Schlagwörter: Iran, Abschiebungshindernis, zielstaatsbezogene Abschiebungshindernisse, menschenrechtswidrige Behandlung, exilpolitische Betätigung, Oppositionelle, Demonstrationen, Internet, Überwachung im Aufnahmeland
Normen: AufenthG § 60 Abs. 5; EMRK Art. 3
Auszüge:

§ 60 Abs. 5 AufenthG i.V.m. Art. 3 EMRK wegen Zeigens von Karikaturen, die den iranischen Präsidenten beleidigen, und dem Verlesen regimekritischer Texte auf einer Demonstration in Deutschland.

(Leitsatz der Redaktion)

 

Die noch anhängige Klage ist begründet.

Der Bescheid der Beklagten vom 15. Juni 2007 ist entsprechend aufzuheben und die Beklagte ist zu verpflichten, das Vorliegen von Abschiebungsverboten nach § 60 Abs. 5 Aufenthaltsgesetz - AufenthG - festzustellen.

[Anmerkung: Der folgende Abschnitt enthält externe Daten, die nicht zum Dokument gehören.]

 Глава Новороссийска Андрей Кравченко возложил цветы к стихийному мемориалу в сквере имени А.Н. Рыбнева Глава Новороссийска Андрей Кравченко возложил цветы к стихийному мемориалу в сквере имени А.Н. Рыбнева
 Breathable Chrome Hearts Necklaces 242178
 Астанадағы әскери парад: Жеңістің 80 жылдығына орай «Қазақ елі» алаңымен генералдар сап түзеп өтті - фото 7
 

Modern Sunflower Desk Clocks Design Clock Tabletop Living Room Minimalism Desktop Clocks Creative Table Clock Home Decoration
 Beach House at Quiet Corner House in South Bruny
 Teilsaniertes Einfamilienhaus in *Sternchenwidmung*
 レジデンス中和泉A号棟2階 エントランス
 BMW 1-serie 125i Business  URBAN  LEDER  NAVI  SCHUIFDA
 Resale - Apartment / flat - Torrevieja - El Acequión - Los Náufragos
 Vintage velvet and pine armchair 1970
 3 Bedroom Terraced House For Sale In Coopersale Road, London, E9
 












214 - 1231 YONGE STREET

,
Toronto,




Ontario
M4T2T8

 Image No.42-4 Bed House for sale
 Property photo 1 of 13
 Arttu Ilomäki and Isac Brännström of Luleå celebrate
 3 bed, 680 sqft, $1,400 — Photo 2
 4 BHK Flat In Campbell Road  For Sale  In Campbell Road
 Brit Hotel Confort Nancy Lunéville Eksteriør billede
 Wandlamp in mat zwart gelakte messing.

Eine solche Gefahr existiert im Falle des Klägers. Er hat anlässlich von gegen das im Iran herrschende iranische Regime gerichteten Demonstrationen eine den iranischen Präsidenten beleidigende Karikaturdarstellung gezeigt, was den Tatbestand der Beleidigung des Führers der Islamischen Republik nach Art. 514 iranisches Strafgesetzbuch erfüllt. Auf diese Tat steht eine Gefängnisstrafe zwischen sechs Monaten und zwei Jahren. Die Identifizierung des Klägers auf den in das Internet gestellten Lichtbildern ist durchaus möglich. Der Kläger ist nämlich zusätzlich durch das Verlesen regimekritischer Beiträge anlässlich einer Demonstration sowie die Veröffentlichung selbstverfasster regimekritischer Artikel im Internet unter Nennung seines Namens in Erscheinung getreten. Dadurch ist eine Identifizierung seiner Person den in Deutschland tätigen iranischen Stellen möglich.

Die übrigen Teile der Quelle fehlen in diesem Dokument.